* Task directions
Transcribe exactly the lines from the one holding "homem descobrirá que o dinheiro não pode ser" to the end of the data below, including both of those lines and no others.

[Short descriptive text snippets]

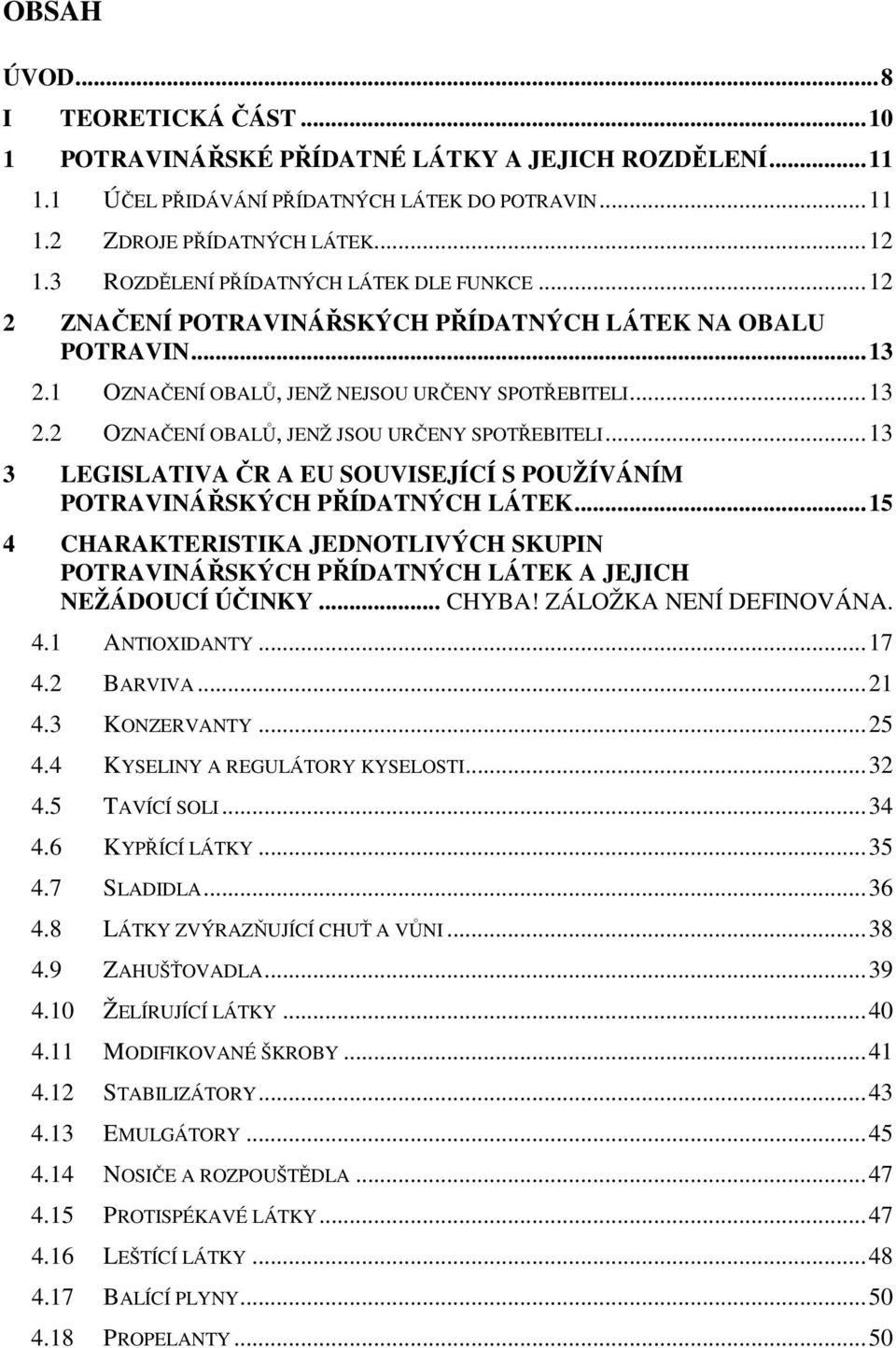 ..13 3 LEGISLATIVA ČR A EU SOUVISEJÍCÍ S POUŽÍVÁNÍM POTRAVINÁŘSKÝCH PŘÍDATNÝCH LÁTEK...15 4 CHARAKTERISTIKA JEDNOTLIVÝCH SKUPIN POTRAVINÁŘSKÝCH PŘÍDATNÝCH LÁTEK A JEJICH NEŽÁDOUCÍ ÚČINKY... CHYBA!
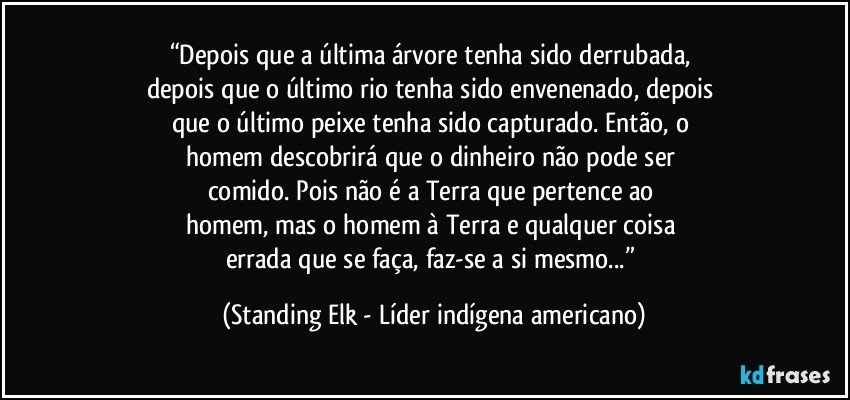 “Depois que a última árvore tenha sido derrubada, 
depois que o último rio tenha sido envenenado, depois 
que o último peixe tenha sido capturado. Então, o 
homem descobrirá que o dinheiro não pode ser 
comido. Pois não é a Terra que pertence ao 
homem, mas o homem à Terra e qualquer coisa 
errada que se faça, faz-se a si mesmo...” (Standing Elk - Líder indígena americano)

* Response
homem descobrirá que o dinheiro não pode ser 
comido. Pois não é a Terra que pertence ao 
homem, mas o homem à Terra e qualquer coisa 
errada que se faça, faz-se a si mesmo...” (Standing Elk - Líder indígena americano)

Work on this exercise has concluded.